(TASK GOAL)
Check each line of the entries for "trees" and report the ones that have it.

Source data
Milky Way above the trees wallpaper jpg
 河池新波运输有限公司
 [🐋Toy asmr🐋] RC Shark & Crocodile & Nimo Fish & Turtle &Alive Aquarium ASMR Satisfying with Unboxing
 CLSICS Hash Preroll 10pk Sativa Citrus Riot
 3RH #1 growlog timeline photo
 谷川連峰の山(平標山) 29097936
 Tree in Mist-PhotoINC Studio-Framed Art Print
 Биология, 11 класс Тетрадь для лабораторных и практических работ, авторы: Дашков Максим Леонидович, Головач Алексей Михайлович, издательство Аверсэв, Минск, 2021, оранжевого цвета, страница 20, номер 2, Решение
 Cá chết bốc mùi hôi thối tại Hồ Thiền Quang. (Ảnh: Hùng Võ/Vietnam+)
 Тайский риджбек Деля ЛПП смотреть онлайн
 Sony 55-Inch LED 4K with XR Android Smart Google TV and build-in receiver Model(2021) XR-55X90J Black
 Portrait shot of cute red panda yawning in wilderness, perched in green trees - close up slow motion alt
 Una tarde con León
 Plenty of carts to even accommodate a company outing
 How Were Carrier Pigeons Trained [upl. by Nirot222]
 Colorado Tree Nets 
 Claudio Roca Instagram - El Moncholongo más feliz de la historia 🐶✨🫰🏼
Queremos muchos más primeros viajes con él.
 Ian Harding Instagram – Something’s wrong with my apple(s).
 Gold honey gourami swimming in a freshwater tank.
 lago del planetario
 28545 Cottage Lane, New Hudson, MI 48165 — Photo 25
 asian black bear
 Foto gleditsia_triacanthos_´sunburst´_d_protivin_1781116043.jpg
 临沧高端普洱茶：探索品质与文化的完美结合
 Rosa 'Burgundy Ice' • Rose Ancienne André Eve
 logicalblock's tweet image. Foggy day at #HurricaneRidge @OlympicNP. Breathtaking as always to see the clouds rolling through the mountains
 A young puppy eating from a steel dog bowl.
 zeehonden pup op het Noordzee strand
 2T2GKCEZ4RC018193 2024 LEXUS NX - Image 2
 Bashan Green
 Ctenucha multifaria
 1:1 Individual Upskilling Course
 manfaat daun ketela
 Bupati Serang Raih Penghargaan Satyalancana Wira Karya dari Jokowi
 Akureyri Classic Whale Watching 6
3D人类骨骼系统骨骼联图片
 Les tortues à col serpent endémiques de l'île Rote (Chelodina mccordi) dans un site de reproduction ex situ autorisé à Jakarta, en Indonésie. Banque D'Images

(ANSWER FOR THIS EXERCISE)
Milky Way above the trees wallpaper jpg
 Portrait shot of cute red panda yawning in wilderness, perched in green trees - close up slow motion alt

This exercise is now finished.